Roland R. Regoes , Dieter Ebert , Sebastian Bonhoeffer


In many epidemiological models of microparasitic infections it is assumed that the infection process is governed by the mass–action principle, i.e. that the infection rate per host and per parasite is a constant. Furthermore, the parasite–induced host mortality (parasite virulence) and the reproduction rate of the parasite are often assumed to be independent of the infecting parasite dose. However, there is empirical evidence against those three assumptions: the infection rate per host is often found to be a sigmoidal rather than a linear function of the parasite dose to which it is exposed; and the lifespan of infected hosts as well as the reproduction rate of the parasite are often negatively correlated with the parasite dose. Here, we incorporate dose dependences into the standard modelling framework for microparasitic infections, and draw conclusions on the resulting dynamics. Our model displays an Allee effect that is characterized by an invasion threshold for the parasite.

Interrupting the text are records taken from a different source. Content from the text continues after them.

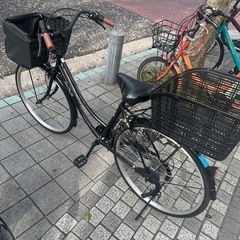 自転車 dixhuit 黒 ブラック 完全組立
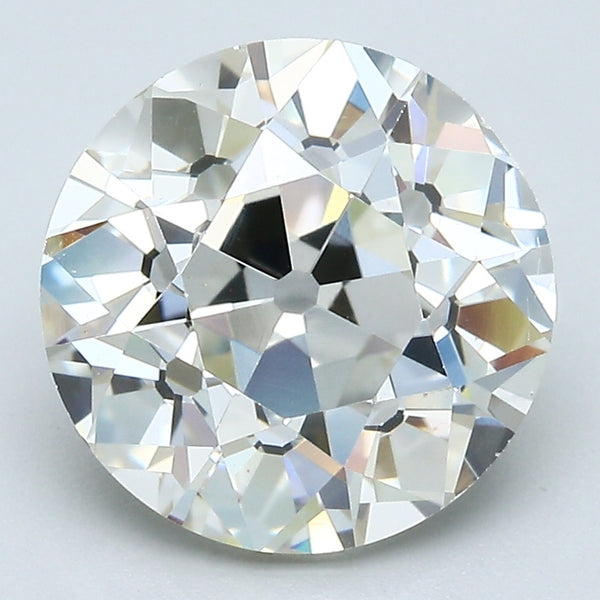 4.24 Carat Old European Cut Engagement Natural Mined Diamond K Color VS1 Clarity With GIA Certificate, natural diamonds, precious stones, engagement diamonds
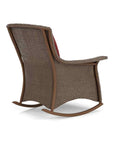 LOOMLAN Outdoor - Mandalay Lounge Rocker Premium Wicker Furniture Lloyd Flanders - Outdoor Lounge Chairs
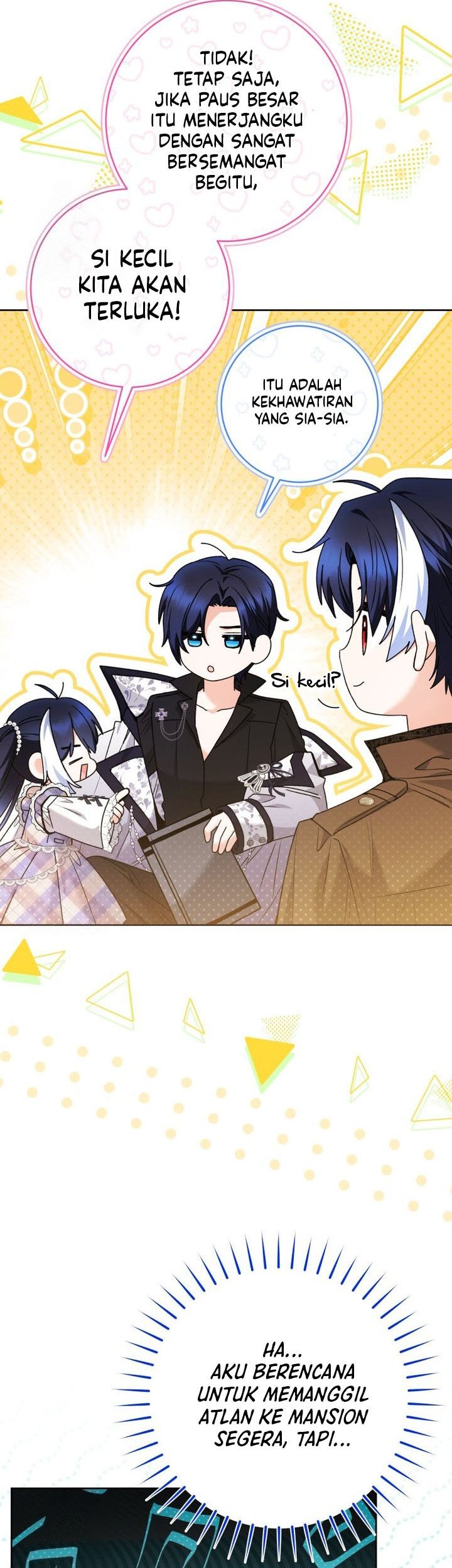 Black Killer Whale Baby Chapter 67 - halaman 29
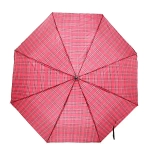 Зонт мужской механический «Ultramarine», клетка, 8 спиц, d-105см, длина в слож. виде 24см
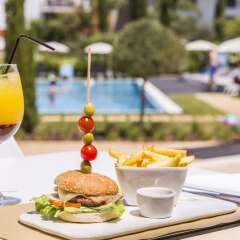 Отель Laguna Resort - Vilamoura Португалия, Виламура - отзывы, цены и фото номеров - забронировать отель Laguna Resort - Vilamoura онлайн питание фото 3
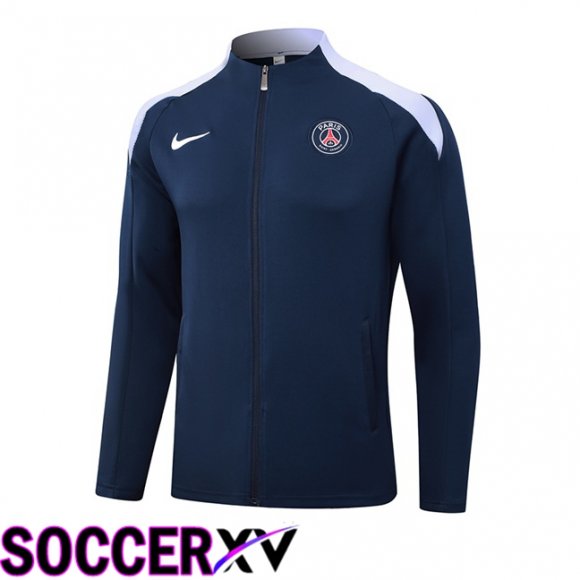 Paris PSG Training Jacket Blue Royal 2024/2025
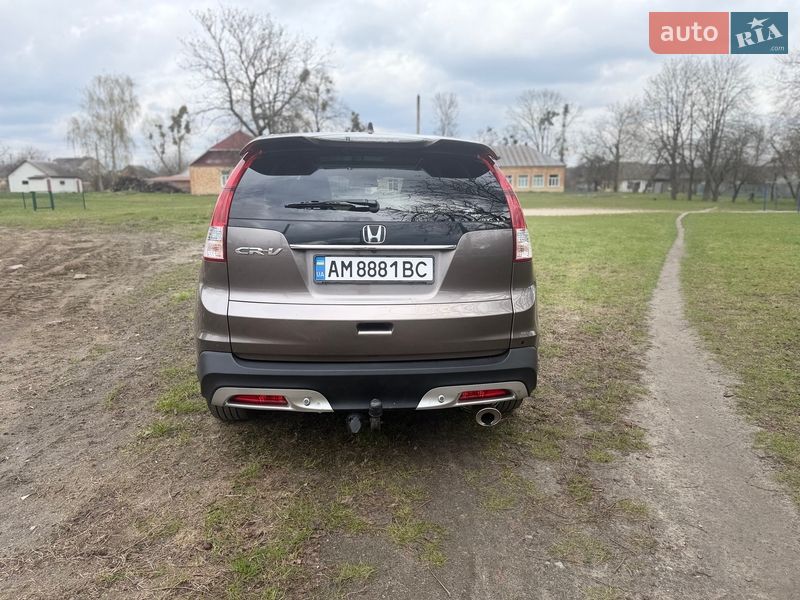 Внедорожник / Кроссовер Honda CR-V 2013 в Житомире фото 12 Внедорожник / Кроссовер Honda CR-V 2013 в Житомире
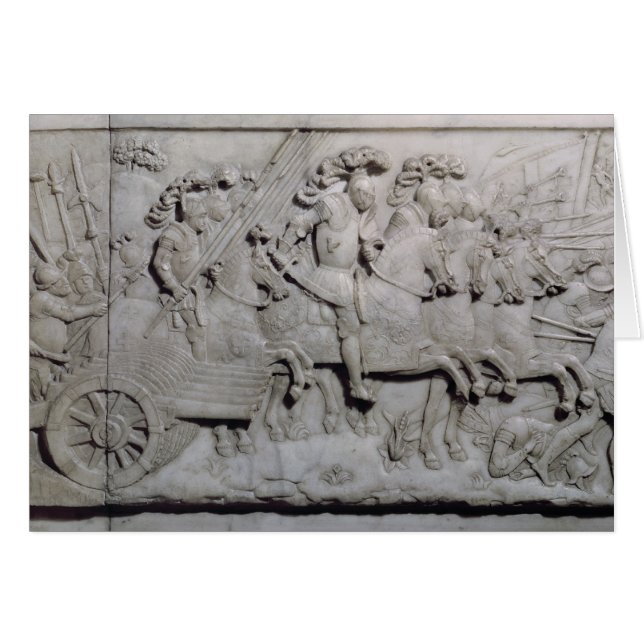 Die Schlacht um Cerisoles (Vorderseite (Horizontal))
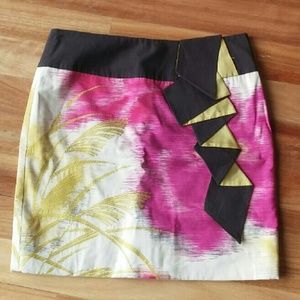 Anthropologie "Origami" skirt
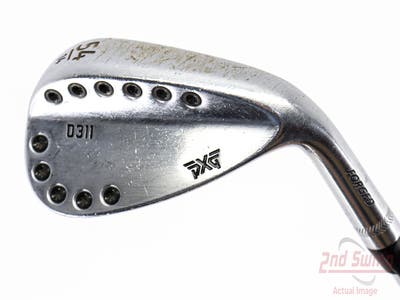 PXG 0311 Chrome Wedge Sand SW 54° 14 Deg Bounce Nippon Pro Modus 3 115 Wedge Steel Wedge Flex Right Handed 35.5in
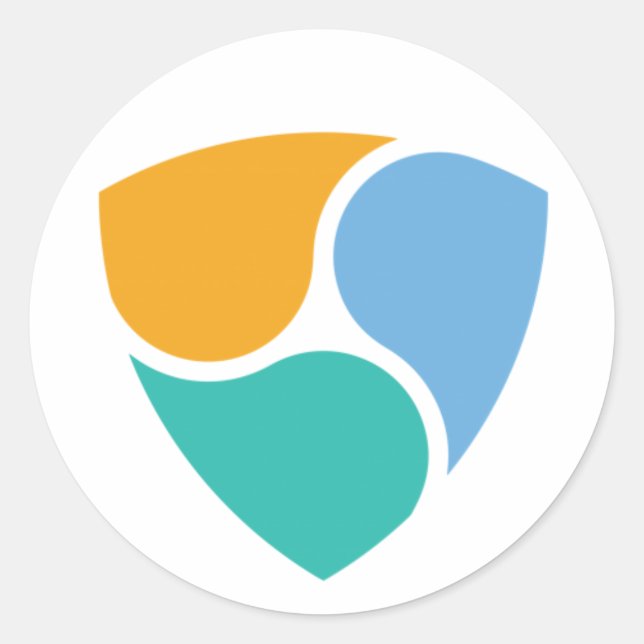 NEM CLASSIC ROUND STICKER (Front)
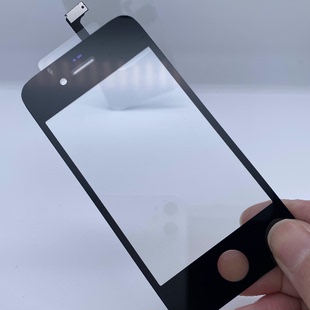 适用苹果4代4S触摸屏TP触控手写外屏镜面玻璃触摸tp盖板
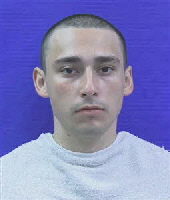 Booking photo of DYLAN RAY MEZA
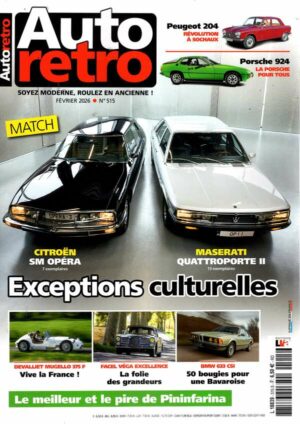 Autoretro n°515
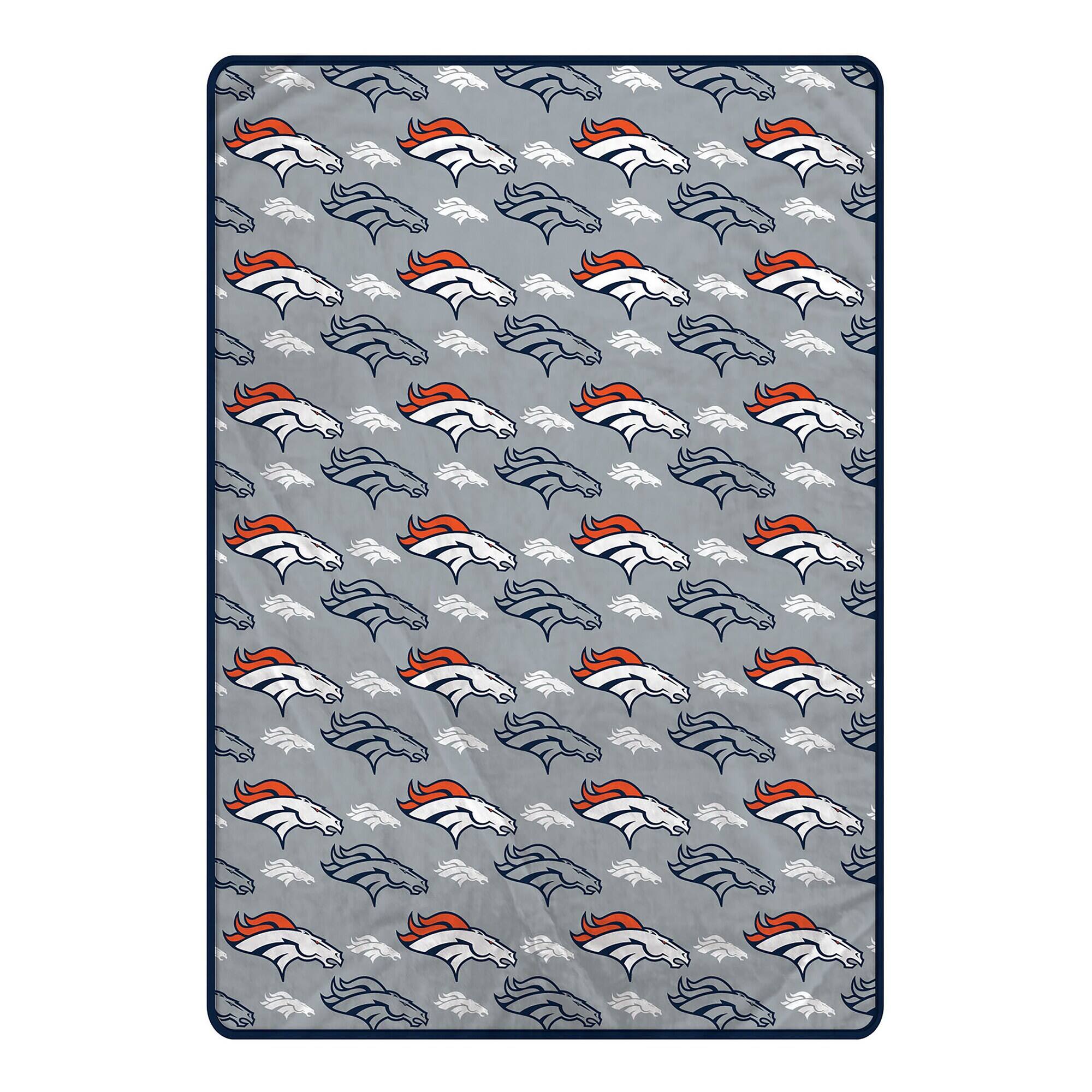 Front. Pegasus - 66" x 95" Oversized Logo Roll Ultra Cozy Blanket - Multicolor.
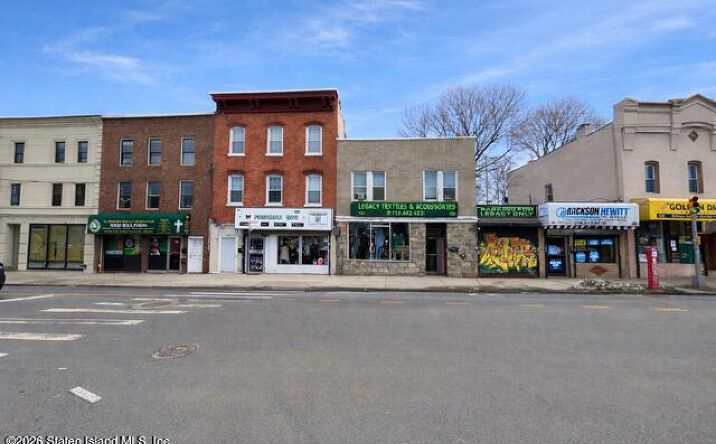 Pictures of Business for Sale, Multifamily, Retail property located at 671 Bay Street, Staten Island, NY 10304 for sales - image #1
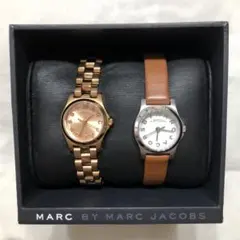 マークバイマークジェイコブス　腕時計2本セット
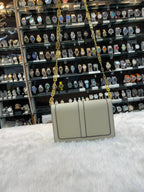 Versace greca goddess mini bag for girls in master piece grey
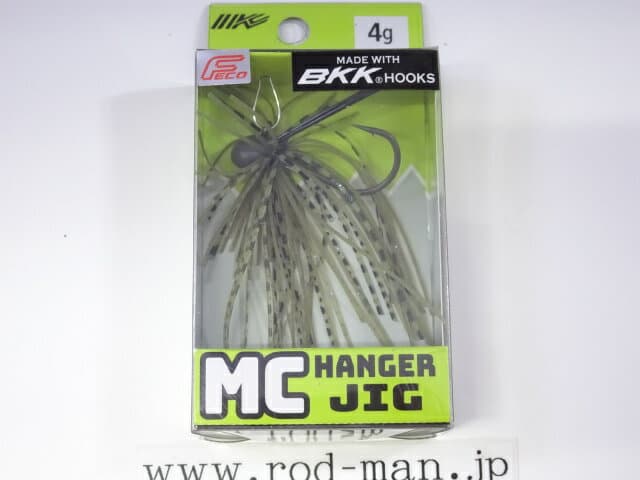 Imakatsu Rubber Jig MC Hanger Jig 4g #MS-176 Swamp Shrimp Blue Flake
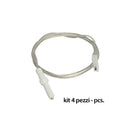 WHIRLPOOL, ARISTON, CREDA, INDESIT - Candeletta de Acceso Piano de Cocina - C00118496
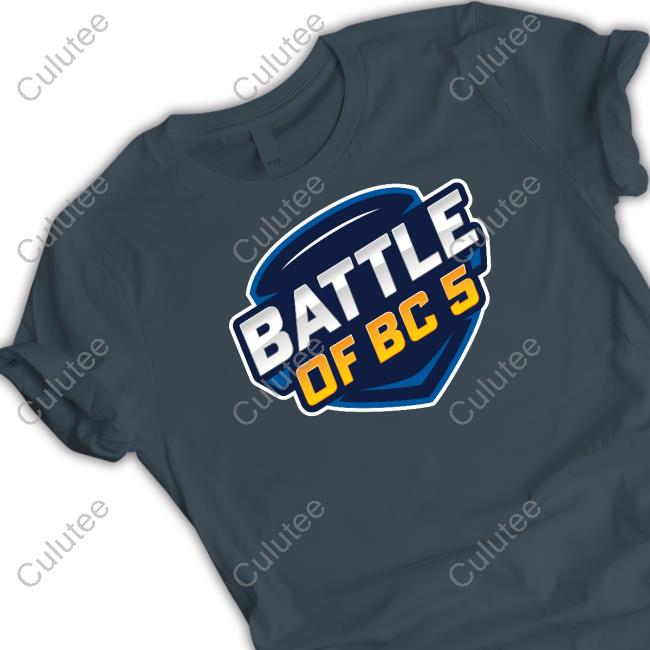 Official Event Battle Of Bc 5 Hoodie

Furthermore, in contrast to standard epidemiological models a parasite strain needs to have a basic reproductive rate that is substantially greater than 1 to establish an infection. Thus, the conditions for successful invasion of the parasite are more restrictive than in mass–action infection models. The analysis further suggests that negative correlations of the parasite dose with host lifespan and the parasite reproduction rate helps the parasite to overcome the invasion constraints of the Allee–type dynamics.